An algebra modality admitting countably many deriving transformations
Jean-Baptiste Vienney
TL;DR
The paper addresses whether the uniqueness of deriving transformations for comonoidal algebra modalities in differential categories extends to arbitrary algebra modalities. It constructs a counterexample by building a free commutative rig with a self-map on $\mathsf{CMon}$, yielding a monad $F$ endowed with an algebra modality structure and a countable family $({}_{n}\mathsf{d})_{n\in\mathbb{N}}$ of deriving transformations. The main result shows that, for this $F$, the deriving transformations are pairwise distinct, proving that a single algebra modality may support multiple inequivalent notions of differentiation.

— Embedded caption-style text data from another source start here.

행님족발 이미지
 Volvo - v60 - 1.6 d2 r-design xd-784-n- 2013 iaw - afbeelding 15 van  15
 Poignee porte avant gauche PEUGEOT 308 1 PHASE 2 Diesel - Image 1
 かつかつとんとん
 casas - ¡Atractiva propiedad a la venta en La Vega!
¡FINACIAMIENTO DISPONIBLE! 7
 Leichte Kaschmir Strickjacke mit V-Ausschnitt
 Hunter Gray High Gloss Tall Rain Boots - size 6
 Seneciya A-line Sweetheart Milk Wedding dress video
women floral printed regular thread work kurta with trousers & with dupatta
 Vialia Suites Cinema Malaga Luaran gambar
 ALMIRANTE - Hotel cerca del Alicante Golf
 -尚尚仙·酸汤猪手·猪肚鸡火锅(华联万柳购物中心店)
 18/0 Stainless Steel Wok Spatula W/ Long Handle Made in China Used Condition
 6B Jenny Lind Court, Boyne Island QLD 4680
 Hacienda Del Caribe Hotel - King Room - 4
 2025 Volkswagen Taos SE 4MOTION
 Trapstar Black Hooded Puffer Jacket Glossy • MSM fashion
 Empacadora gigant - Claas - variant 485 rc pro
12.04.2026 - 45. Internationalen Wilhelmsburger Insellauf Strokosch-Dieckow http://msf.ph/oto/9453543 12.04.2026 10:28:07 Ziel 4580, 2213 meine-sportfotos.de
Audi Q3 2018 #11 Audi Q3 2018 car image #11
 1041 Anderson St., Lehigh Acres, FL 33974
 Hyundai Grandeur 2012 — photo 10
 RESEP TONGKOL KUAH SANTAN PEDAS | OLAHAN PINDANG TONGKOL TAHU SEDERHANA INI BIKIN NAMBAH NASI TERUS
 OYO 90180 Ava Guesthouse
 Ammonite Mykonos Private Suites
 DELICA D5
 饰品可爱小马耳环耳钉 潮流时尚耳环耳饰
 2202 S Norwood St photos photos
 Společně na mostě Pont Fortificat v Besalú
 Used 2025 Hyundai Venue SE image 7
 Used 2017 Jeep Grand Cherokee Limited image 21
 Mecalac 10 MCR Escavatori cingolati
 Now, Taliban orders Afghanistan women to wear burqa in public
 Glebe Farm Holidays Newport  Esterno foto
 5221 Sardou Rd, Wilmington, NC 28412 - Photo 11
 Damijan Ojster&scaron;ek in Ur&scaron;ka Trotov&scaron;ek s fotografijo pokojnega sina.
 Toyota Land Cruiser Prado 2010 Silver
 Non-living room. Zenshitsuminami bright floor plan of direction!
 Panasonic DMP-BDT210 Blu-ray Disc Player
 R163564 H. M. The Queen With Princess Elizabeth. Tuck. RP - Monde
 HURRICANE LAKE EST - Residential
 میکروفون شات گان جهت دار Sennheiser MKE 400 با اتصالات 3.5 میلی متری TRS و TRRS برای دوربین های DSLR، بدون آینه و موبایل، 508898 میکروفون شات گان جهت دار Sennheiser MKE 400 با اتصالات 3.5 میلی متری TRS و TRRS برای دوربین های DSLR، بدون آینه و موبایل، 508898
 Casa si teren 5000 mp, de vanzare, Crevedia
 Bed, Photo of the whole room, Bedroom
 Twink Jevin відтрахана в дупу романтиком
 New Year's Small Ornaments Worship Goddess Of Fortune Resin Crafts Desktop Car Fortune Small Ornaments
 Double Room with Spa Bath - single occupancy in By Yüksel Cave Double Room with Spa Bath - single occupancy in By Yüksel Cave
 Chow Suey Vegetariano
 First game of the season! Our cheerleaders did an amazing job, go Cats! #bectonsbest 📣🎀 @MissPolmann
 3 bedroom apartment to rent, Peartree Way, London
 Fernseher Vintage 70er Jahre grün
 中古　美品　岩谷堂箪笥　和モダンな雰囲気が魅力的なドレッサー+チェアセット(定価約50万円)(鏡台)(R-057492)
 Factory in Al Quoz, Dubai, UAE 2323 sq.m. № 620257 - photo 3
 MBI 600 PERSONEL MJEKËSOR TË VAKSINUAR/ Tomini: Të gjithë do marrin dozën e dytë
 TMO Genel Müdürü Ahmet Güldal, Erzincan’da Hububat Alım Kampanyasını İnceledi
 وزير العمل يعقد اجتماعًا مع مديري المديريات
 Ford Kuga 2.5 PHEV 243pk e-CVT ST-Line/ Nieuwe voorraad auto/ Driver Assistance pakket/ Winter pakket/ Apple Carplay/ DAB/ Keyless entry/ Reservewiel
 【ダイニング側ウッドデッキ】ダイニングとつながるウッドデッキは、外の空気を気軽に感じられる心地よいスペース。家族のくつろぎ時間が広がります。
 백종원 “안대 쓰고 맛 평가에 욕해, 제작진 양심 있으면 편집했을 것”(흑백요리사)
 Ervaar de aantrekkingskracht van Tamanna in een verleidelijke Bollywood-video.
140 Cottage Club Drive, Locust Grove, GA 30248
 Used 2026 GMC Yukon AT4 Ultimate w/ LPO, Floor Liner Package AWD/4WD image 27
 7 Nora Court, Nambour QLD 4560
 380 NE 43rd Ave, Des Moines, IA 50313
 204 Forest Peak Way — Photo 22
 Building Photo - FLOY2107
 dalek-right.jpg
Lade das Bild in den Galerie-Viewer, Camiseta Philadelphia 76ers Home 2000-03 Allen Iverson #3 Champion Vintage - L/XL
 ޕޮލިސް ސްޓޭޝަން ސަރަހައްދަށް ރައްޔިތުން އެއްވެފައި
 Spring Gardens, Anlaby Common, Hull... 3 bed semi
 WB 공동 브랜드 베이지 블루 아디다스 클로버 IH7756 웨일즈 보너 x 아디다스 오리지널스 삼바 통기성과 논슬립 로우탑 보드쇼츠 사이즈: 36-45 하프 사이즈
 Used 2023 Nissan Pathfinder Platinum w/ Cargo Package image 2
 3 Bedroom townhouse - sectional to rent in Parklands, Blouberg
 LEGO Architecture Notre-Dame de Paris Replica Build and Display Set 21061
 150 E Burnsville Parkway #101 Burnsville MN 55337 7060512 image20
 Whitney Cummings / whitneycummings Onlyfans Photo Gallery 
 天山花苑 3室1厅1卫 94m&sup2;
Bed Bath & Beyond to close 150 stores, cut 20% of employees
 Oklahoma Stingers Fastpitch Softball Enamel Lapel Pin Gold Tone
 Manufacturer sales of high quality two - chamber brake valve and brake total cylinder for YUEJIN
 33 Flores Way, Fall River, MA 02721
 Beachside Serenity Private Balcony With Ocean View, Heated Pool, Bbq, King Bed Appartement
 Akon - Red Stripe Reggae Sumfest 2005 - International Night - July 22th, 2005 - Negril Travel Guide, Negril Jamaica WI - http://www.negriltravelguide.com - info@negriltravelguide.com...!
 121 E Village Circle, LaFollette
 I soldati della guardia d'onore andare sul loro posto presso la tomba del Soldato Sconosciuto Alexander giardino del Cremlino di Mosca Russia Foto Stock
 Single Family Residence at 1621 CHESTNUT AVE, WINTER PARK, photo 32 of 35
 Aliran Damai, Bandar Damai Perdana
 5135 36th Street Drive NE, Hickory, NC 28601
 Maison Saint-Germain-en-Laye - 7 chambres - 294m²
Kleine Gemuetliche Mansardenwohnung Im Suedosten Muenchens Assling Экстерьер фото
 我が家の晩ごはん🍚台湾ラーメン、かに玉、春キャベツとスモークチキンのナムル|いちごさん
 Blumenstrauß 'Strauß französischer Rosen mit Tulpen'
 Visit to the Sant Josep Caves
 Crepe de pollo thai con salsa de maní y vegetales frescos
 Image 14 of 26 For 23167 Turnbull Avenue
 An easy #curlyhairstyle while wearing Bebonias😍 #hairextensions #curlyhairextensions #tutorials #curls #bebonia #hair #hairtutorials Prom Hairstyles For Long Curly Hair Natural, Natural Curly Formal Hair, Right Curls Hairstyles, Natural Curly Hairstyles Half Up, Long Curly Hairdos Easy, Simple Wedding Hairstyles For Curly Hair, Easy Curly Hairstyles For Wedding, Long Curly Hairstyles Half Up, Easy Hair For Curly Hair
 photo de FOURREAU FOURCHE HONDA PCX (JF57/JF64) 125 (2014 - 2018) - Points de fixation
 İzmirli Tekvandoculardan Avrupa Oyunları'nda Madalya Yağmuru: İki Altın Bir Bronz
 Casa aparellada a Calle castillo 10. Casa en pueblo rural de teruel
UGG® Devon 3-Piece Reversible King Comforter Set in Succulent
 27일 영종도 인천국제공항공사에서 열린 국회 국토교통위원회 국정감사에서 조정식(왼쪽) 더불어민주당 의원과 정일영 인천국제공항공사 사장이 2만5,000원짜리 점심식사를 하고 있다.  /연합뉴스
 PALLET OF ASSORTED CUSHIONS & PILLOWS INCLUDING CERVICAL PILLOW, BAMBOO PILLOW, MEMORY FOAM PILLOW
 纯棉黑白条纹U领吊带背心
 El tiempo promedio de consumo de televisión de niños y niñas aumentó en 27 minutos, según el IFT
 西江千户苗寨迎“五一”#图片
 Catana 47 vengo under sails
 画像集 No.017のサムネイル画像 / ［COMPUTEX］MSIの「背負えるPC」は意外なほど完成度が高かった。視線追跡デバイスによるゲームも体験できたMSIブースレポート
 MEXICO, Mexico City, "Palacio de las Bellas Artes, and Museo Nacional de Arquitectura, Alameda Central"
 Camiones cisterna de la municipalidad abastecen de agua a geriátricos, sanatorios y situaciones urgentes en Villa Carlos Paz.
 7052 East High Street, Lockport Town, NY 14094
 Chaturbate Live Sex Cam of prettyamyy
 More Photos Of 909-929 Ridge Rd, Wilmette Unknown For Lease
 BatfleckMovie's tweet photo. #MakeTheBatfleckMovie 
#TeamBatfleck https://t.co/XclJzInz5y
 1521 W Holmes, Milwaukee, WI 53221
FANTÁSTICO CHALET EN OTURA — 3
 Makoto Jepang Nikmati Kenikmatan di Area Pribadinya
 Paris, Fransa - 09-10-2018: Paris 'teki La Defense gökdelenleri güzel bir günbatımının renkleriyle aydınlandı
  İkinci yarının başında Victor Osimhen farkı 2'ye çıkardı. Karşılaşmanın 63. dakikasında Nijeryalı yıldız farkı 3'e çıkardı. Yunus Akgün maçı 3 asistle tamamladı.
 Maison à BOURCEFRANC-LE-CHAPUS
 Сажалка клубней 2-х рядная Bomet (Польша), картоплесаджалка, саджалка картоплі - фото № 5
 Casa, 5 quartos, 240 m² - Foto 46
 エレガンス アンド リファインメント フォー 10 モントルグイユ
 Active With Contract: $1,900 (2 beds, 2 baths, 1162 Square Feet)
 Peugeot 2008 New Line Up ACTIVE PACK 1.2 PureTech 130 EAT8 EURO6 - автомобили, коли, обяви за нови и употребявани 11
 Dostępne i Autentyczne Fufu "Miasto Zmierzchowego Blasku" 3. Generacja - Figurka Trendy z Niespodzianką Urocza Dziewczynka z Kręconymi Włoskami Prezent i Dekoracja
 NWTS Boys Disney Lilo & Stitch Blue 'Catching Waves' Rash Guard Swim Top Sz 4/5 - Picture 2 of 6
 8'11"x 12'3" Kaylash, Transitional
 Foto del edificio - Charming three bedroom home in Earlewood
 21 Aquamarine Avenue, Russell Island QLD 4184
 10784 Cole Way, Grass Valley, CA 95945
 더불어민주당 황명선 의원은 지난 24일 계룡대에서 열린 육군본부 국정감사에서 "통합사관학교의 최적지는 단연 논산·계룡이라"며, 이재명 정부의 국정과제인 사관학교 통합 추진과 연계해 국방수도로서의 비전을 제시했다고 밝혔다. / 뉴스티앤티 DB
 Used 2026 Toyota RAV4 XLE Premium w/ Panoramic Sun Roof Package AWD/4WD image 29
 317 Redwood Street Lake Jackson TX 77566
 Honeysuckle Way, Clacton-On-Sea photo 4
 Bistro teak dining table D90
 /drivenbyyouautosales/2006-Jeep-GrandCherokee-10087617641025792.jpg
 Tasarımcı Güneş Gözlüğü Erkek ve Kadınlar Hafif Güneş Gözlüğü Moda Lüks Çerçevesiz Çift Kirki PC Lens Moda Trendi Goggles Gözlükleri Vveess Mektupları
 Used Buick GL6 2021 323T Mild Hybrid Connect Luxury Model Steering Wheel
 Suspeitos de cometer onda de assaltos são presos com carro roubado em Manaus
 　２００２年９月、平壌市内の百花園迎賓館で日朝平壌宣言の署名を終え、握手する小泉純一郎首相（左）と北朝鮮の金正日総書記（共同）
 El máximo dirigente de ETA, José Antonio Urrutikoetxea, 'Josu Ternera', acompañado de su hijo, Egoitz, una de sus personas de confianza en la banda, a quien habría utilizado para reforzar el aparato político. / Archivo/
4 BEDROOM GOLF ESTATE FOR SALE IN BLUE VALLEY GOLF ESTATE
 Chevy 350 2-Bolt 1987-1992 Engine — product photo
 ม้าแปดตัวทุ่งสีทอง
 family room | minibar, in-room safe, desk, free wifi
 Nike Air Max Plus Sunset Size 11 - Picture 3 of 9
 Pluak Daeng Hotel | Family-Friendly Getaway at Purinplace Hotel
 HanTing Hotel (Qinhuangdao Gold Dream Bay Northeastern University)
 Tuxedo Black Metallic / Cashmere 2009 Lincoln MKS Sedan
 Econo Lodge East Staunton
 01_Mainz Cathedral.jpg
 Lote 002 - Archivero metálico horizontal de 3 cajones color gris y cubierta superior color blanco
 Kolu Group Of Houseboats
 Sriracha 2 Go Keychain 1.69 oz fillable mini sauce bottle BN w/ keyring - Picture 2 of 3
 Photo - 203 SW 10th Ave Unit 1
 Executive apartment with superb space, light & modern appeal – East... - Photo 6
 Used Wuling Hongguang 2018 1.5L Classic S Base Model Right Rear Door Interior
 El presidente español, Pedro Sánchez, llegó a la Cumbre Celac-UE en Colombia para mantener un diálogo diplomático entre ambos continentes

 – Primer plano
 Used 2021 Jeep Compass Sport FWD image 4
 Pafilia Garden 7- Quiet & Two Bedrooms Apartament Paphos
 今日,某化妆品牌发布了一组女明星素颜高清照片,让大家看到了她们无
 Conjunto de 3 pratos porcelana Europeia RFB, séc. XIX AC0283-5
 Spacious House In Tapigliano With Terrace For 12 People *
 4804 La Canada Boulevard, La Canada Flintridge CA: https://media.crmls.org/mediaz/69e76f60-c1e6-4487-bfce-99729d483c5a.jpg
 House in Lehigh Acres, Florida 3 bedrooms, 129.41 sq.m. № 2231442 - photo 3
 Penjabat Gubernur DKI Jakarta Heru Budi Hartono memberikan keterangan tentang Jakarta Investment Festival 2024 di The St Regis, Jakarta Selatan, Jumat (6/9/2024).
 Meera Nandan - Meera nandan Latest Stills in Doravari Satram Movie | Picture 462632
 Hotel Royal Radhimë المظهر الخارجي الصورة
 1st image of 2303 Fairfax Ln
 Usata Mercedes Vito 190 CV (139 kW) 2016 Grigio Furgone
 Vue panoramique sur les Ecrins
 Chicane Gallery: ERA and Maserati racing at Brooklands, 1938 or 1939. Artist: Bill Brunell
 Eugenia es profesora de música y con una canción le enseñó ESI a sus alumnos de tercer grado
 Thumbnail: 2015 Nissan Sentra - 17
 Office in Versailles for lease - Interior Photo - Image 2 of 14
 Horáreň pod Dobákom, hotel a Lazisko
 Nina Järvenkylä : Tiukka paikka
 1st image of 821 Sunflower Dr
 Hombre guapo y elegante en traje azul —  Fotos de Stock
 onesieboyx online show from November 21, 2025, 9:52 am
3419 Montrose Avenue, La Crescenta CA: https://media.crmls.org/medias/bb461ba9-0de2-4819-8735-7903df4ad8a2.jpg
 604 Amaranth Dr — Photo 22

This clarifies the limitations of uniqueness results outside differential linear logic and provides an explicit, general construction demonstrating non-uniqueness in differential categories. The work thus delineates the boundary between differentiation in differential categories and the stricter setting of differential linear logic, with implications for categorical models of smooth functions and differentiation.
Abstract
A differential category is an additive symmetric monoidal category, that is, a symmetric monoidal category enriched over commutative monoids, with an algebra modality, axiomatizing smooth functions, and a deriving transformation on this algebra modality, axiomatizing differentiation. Lemay proved that a comonoidal algebra modality has at most one deriving transformation, thus differentiation is unique in models of differential linear logic. It was then an open problem whether this result extends to arbitrary algebra modalities. We answer this question in the negative. We build a free "commutative rig with a self-map" algebra modality on the category of commutative monoids, where the self-map can be seen as an arbitrary smooth function. We then define a countable family of distinct deriving transformations $({}_{n}\mathsf{d})_{n \in \mathbb{N}}$ on this algebra modality where the parameter $n$ controls the derivative of the self-map. It shows that in a differential category, a single algebra modality may admit multiple, inequivalent notions of differentiation.